(Data entries)
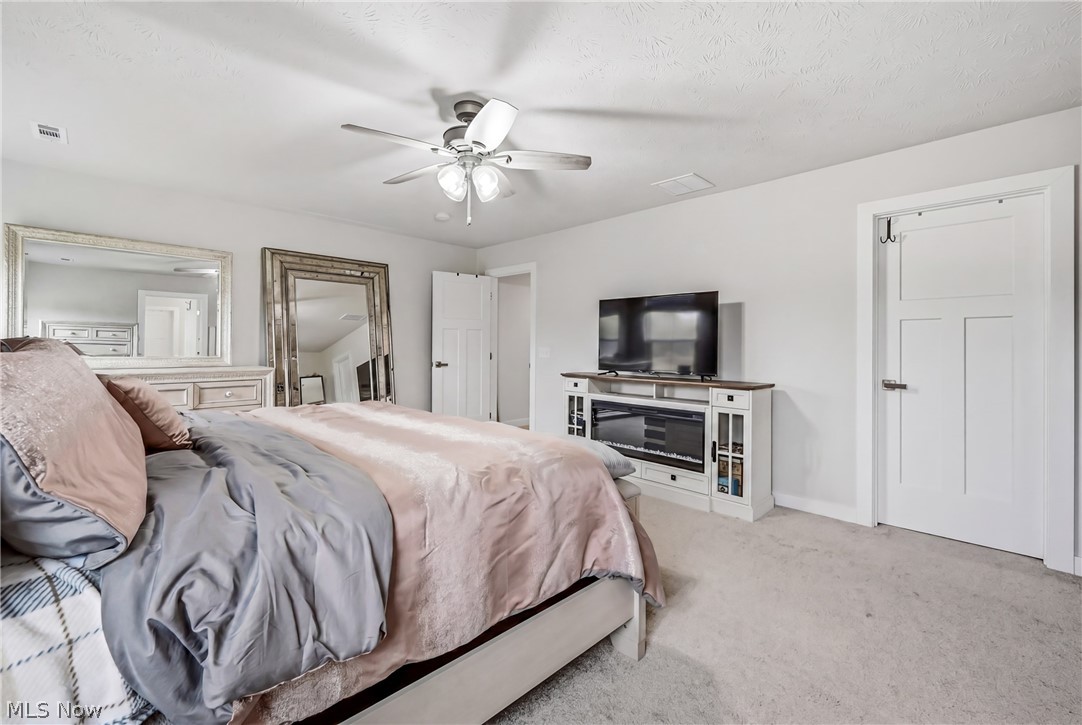 Walnut Ridge Sub 1 - Residential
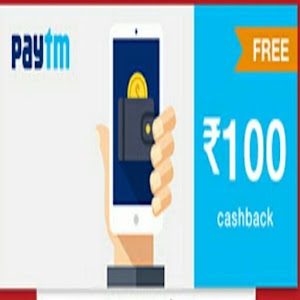 Download Free Paytm Cash Earner For PC Windows and Mac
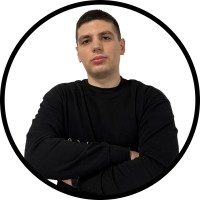 Vladimir Profirean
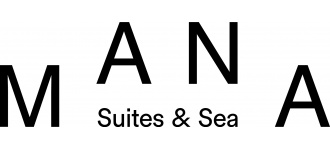 MANA Suites and Sea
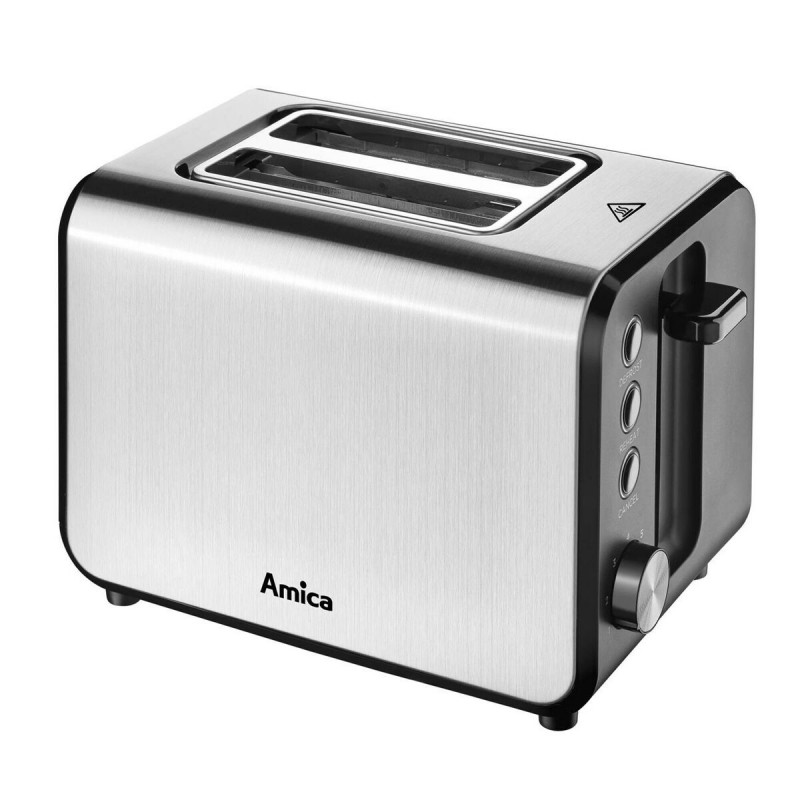 Tostapane Amica TM 3030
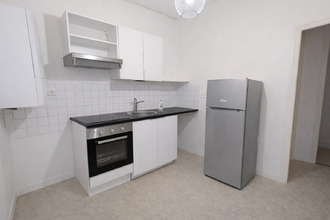  appartement vannes 56000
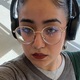 Foto de persona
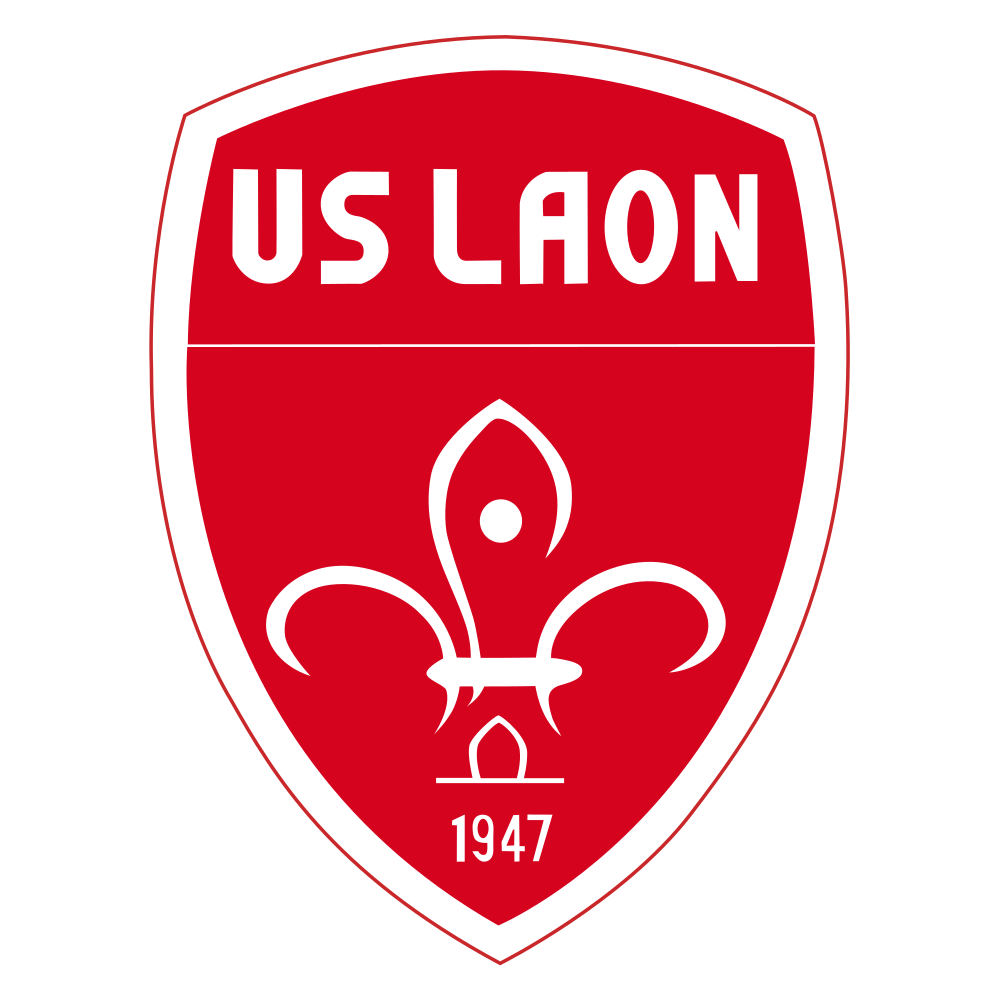 U.S. LAON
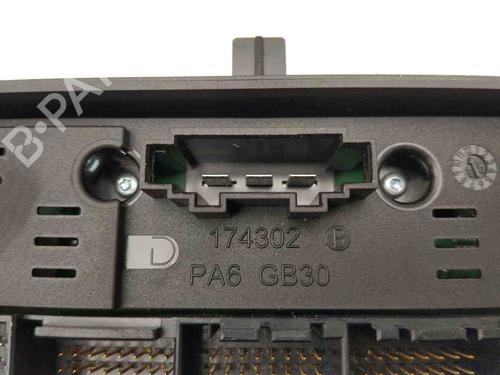 Electronic sensor PORSCHE CAYENNE (92A) 3.0 S E-Hybrid | BP28925189M84 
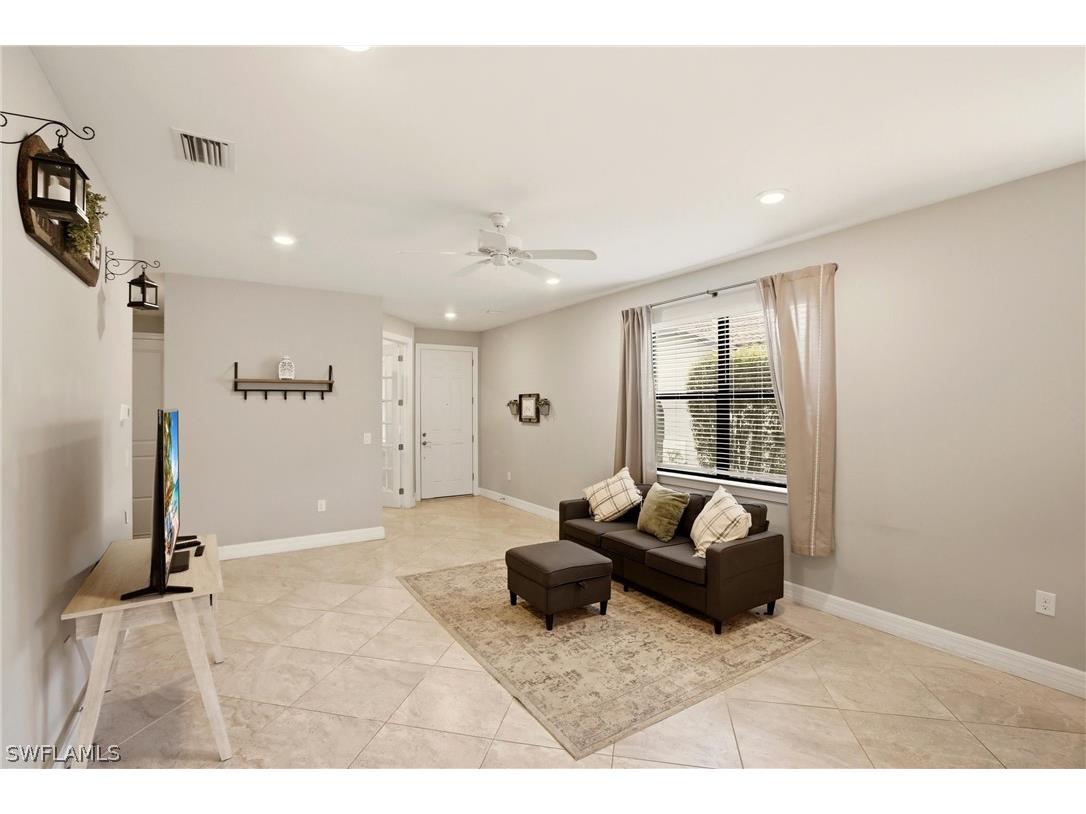 11216 Carlingford Road Fort Myers FL 33913 226001303 image9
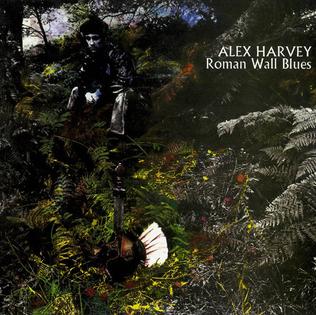 File:Roman Wall Blues (1969 Alex Harvey album).jpg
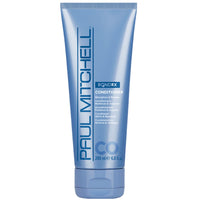 200 ml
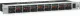 Behringer HA8000 V2 #3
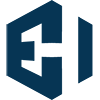 Emergent Holdings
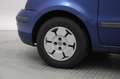 Fiat Panda 1.1 Active Plus APK 04-2026 Bleu - thumbnail 20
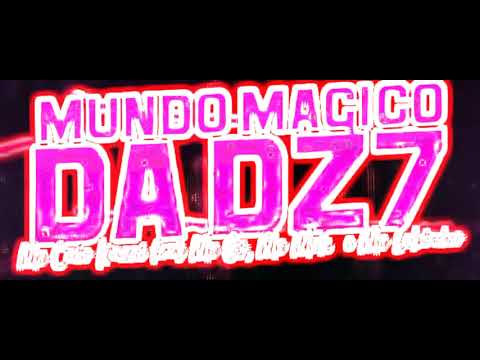 EO PATINHAS NE PAI 🔥✌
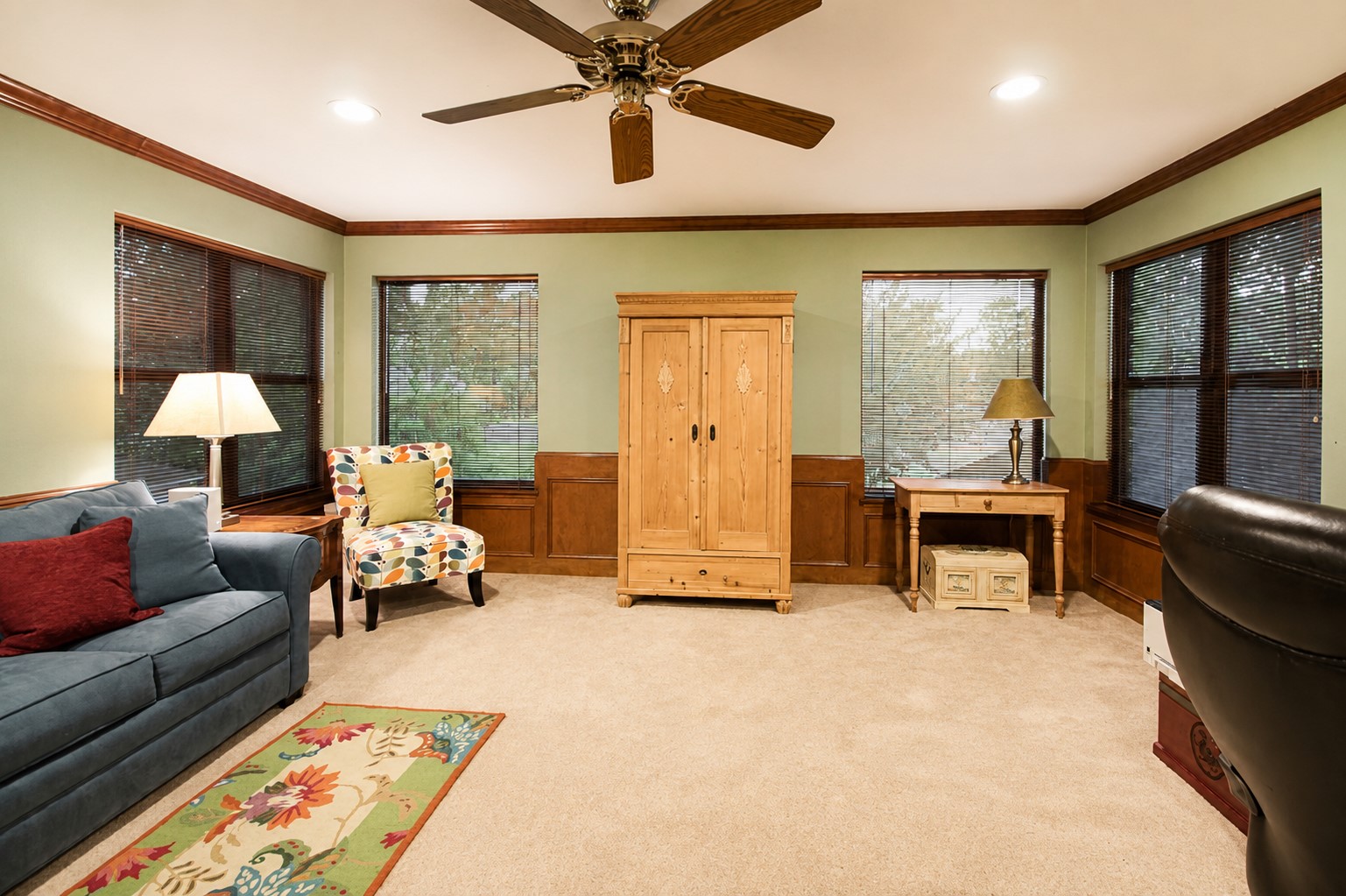 16211 Chipstead Drive Spring, TX 77379 - Photo 34 of 48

== What is being asked ==
Each line of the data is to be duplicated exactly; pictures stay out of the copy.

== Task result ==
 Walnut Ridge Sub 1 - Residential
 Download Free Paytm Cash Earner For PC Windows and Mac
 Vladimir Profirean
 MANA Suites and Sea
 Tostapane Amica TM 3030
  appartement vannes 56000
 Foto de persona
 U.S. LAON
 Electronic sensor PORSCHE CAYENNE (92A) 3.0 S E-Hybrid | BP28925189M84 
 11216 Carlingford Road Fort Myers FL 33913 226001303 image9
 File:Roman Wall Blues (1969 Alex Harvey album).jpg
 200 ml
 Behringer HA8000 V2 #3
 Emergent Holdings
 Fiat Panda 1.1 Active Plus APK 04-2026 Bleu - thumbnail 20
 EO PATINHAS NE PAI 🔥✌
 16211 Chipstead Drive Spring, TX 77379 - Photo 34 of 48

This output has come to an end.